Data items
☆ ☆ ☆ ☆ ☆ ☆ ☆

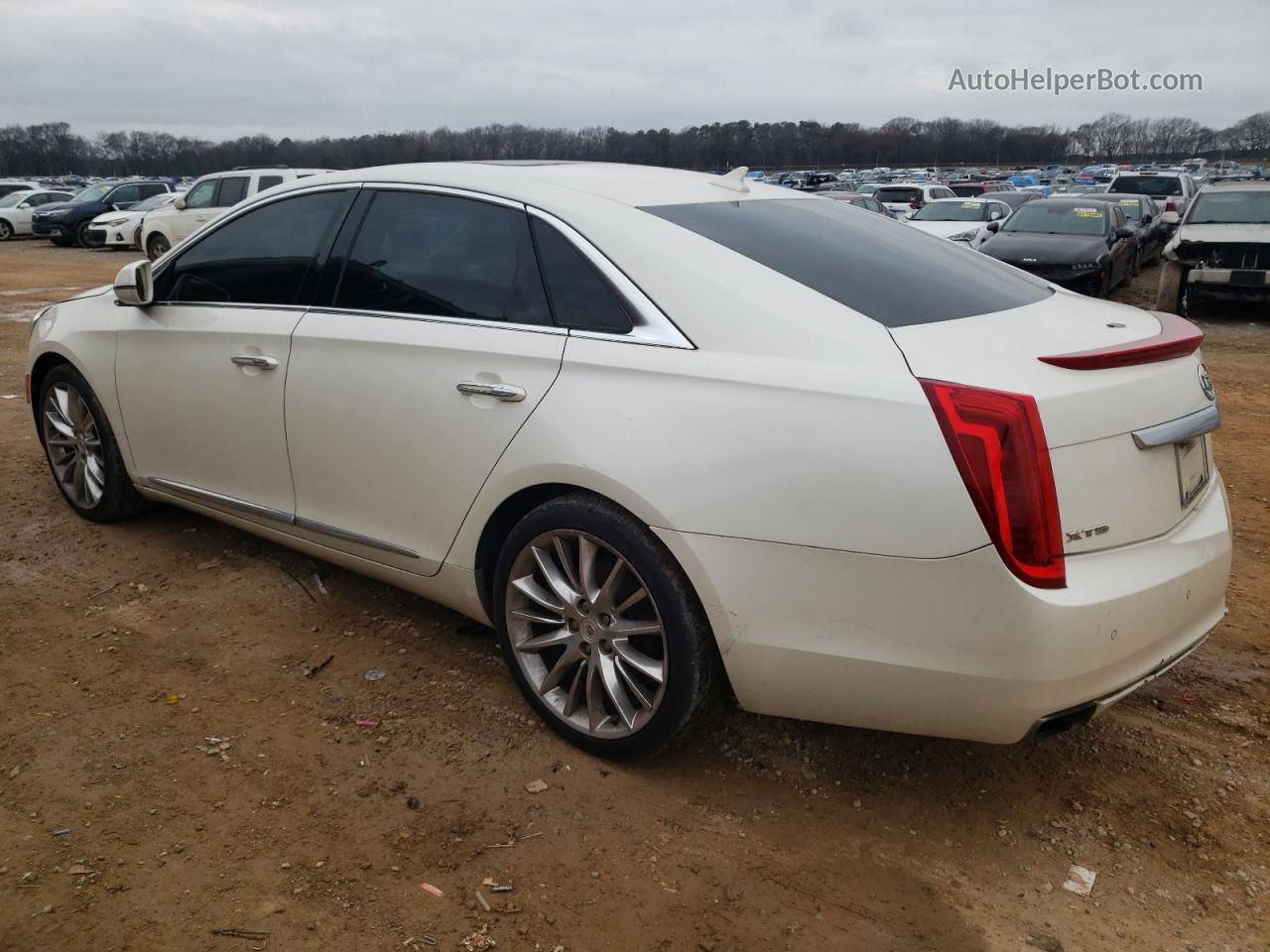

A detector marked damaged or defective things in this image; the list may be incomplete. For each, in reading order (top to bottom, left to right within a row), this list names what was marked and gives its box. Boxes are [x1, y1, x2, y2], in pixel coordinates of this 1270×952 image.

damaged vehicle [1159, 184, 1270, 317]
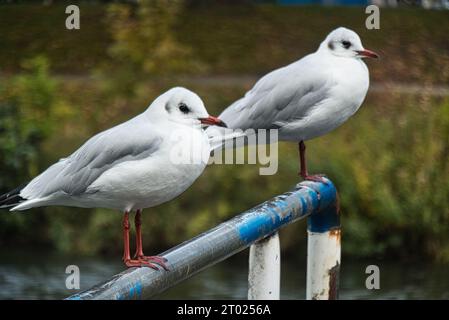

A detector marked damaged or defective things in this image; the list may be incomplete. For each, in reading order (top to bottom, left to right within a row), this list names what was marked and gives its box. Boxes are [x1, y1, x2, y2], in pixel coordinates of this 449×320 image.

rusty metal railing [66, 178, 340, 300]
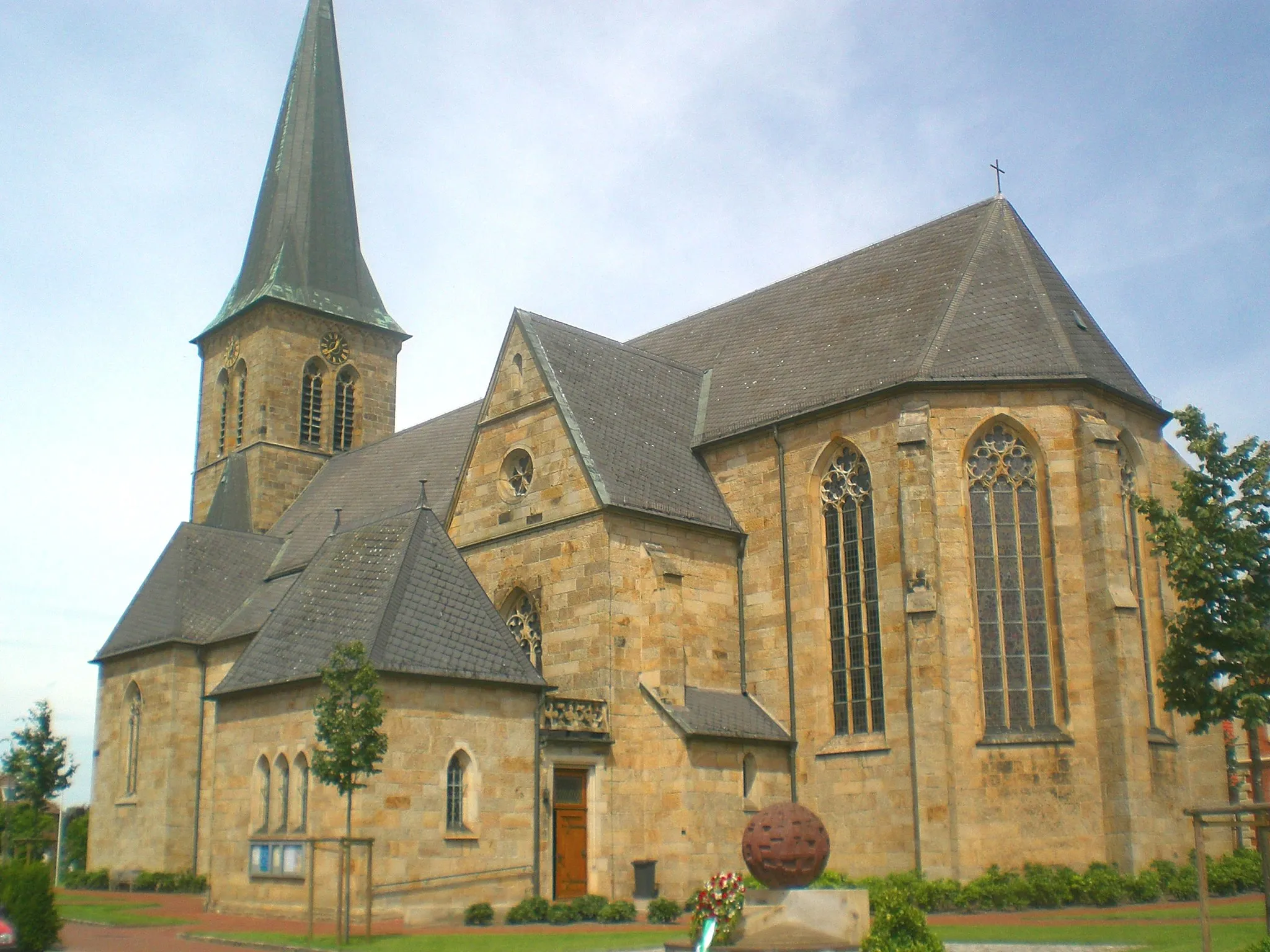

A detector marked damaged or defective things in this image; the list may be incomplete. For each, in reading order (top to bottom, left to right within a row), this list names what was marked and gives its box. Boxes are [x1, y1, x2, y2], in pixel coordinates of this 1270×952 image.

rusty metal sphere sculpture [742, 802, 828, 893]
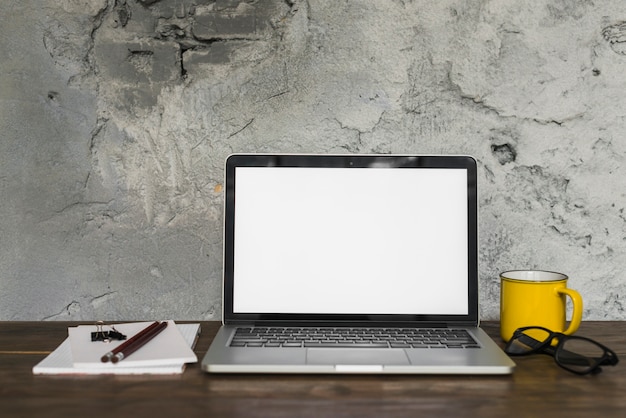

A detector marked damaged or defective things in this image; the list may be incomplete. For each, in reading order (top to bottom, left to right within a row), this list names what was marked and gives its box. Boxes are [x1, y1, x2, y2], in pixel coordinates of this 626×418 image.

cracked plaster wall [1, 0, 624, 320]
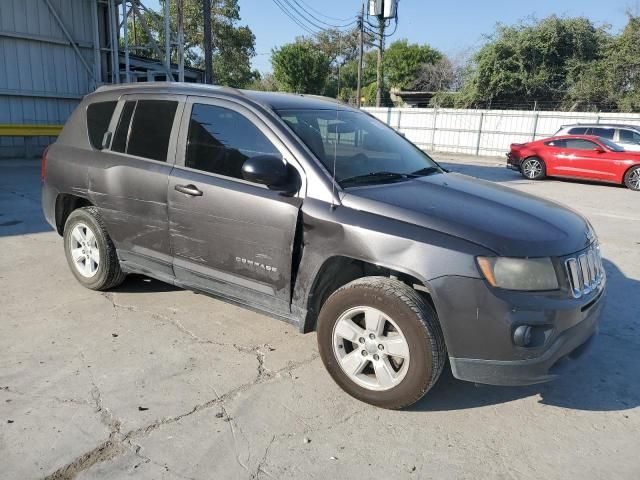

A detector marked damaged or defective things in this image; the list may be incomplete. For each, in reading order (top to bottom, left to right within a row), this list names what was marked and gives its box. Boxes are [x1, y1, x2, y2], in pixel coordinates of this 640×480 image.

dented driver door [168, 97, 302, 316]
cracked concrete [1, 158, 640, 480]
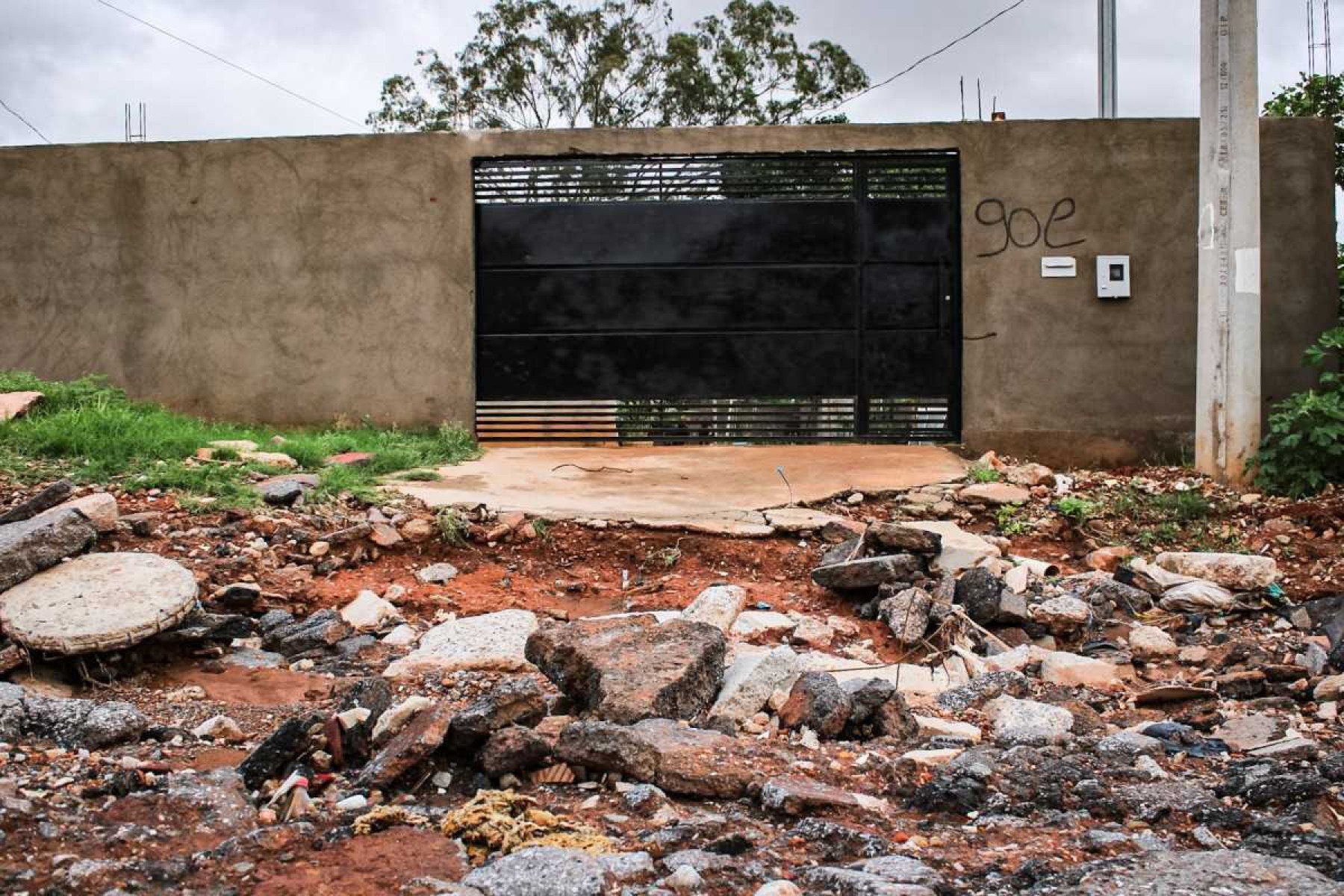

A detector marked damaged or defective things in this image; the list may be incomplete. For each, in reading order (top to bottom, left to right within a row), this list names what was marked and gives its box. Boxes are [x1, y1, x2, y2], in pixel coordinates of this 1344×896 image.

broken concrete fragment [0, 508, 97, 591]
broken concrete fragment [0, 550, 199, 654]
broken concrete fragment [382, 609, 535, 678]
broken concrete fragment [526, 615, 726, 729]
broken concrete fragment [684, 582, 747, 630]
broken concrete fragment [806, 556, 926, 591]
broken concrete fragment [1147, 550, 1278, 591]
broken concrete fragment [352, 699, 457, 783]
broken concrete fragment [556, 717, 762, 794]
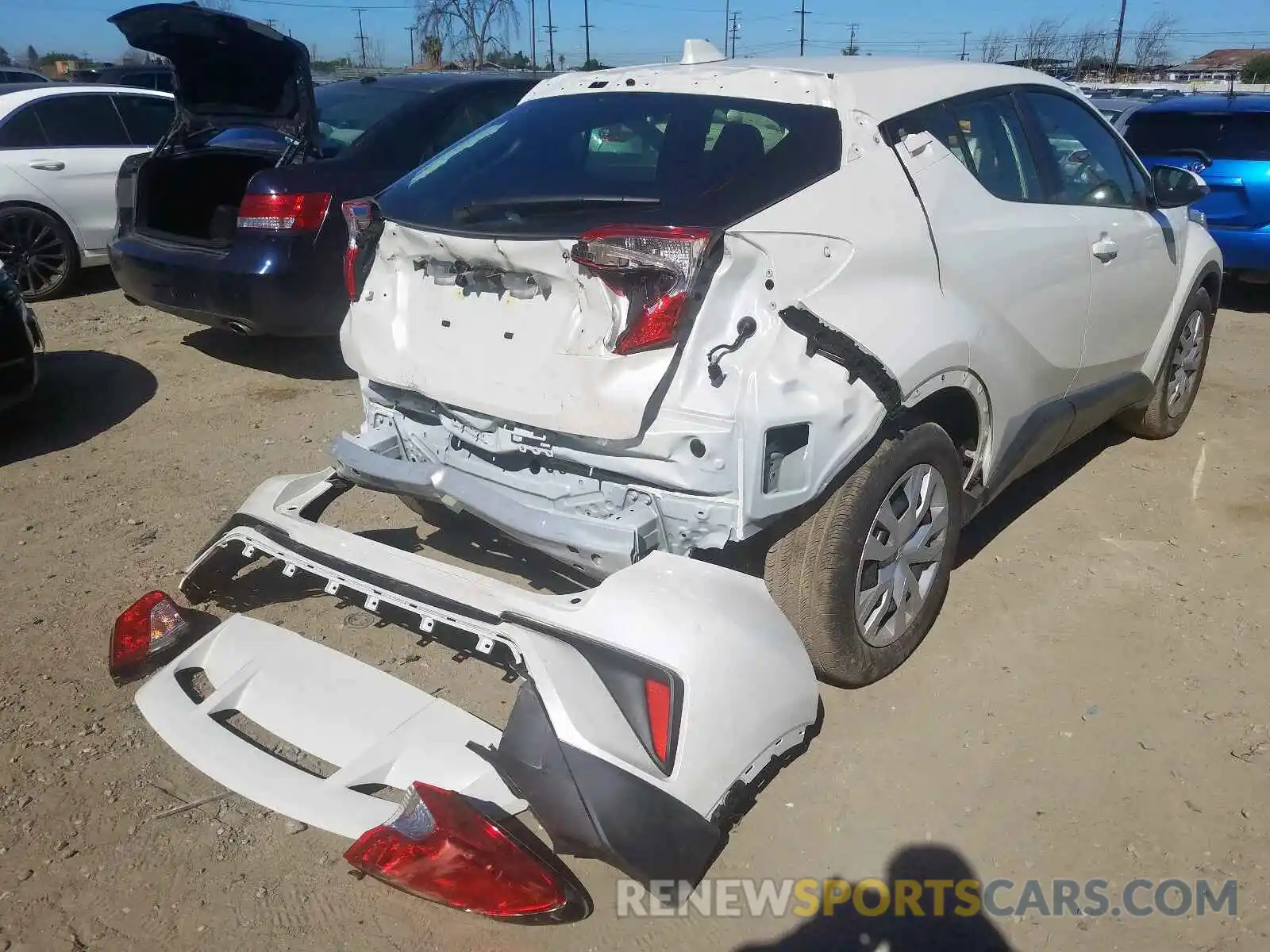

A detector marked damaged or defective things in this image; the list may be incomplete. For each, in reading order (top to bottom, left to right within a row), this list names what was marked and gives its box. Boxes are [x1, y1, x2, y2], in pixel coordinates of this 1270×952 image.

broken tail light [235, 193, 330, 232]
broken tail light [344, 199, 384, 303]
broken tail light [568, 225, 708, 355]
damaged white suv [337, 48, 1219, 689]
broken tail light [110, 590, 189, 679]
detached rear bumper [149, 473, 819, 889]
broken tail light [343, 777, 572, 920]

☆ ☆ ☆ ☆ ☆ ☆ ☆

About this exercise
Omit the pictures and please write out exactly the lines between the one containing "this 626×418 image." and the last line of the entries, both included.

Result of this exercise
A detector marked damaged or defective things in this image; the list may be incomplete. For each, in reading order (top to bottom, left to right within a row), this list names what was marked and gives its box. Boxes are [x1, y1, x2, y2], in pixel coordinates of this 626×418 image.

cracked plaster wall [1, 0, 624, 320]

A detector marked damaged or defective things in this image; the list may be incomplete. For each, in reading order (top to bottom, left to right within a row), this list names what was marked and gives its box. Boxes are [x1, y1, x2, y2], in pixel coordinates of this 640×480 image.

dented driver door [168, 97, 302, 316]
cracked concrete [1, 158, 640, 480]

A detector marked damaged or defective things in this image; the list may be incomplete. For each, in reading order (top to bottom, left to right within a row), this list names what was marked and gives its box. Boxes are [x1, y1, x2, y2], in pixel coordinates of this 1344×896 image.

broken concrete fragment [0, 508, 97, 591]
broken concrete fragment [0, 550, 199, 654]
broken concrete fragment [382, 609, 535, 678]
broken concrete fragment [526, 615, 726, 729]
broken concrete fragment [684, 582, 747, 630]
broken concrete fragment [806, 556, 926, 591]
broken concrete fragment [1147, 550, 1278, 591]
broken concrete fragment [352, 699, 457, 783]
broken concrete fragment [556, 717, 762, 794]

A detector marked damaged or defective things in this image; the list may be incomplete. For each, in reading order (top to bottom, left to right within a row), this list names what was marked and gives its box. Boxes are [x1, y1, x2, y2], in pixel coordinates of this 1270×952 image.

broken tail light [235, 193, 330, 232]
broken tail light [344, 199, 384, 303]
broken tail light [568, 225, 708, 355]
damaged white suv [337, 48, 1219, 689]
broken tail light [110, 590, 189, 679]
detached rear bumper [149, 473, 819, 889]
broken tail light [343, 777, 572, 920]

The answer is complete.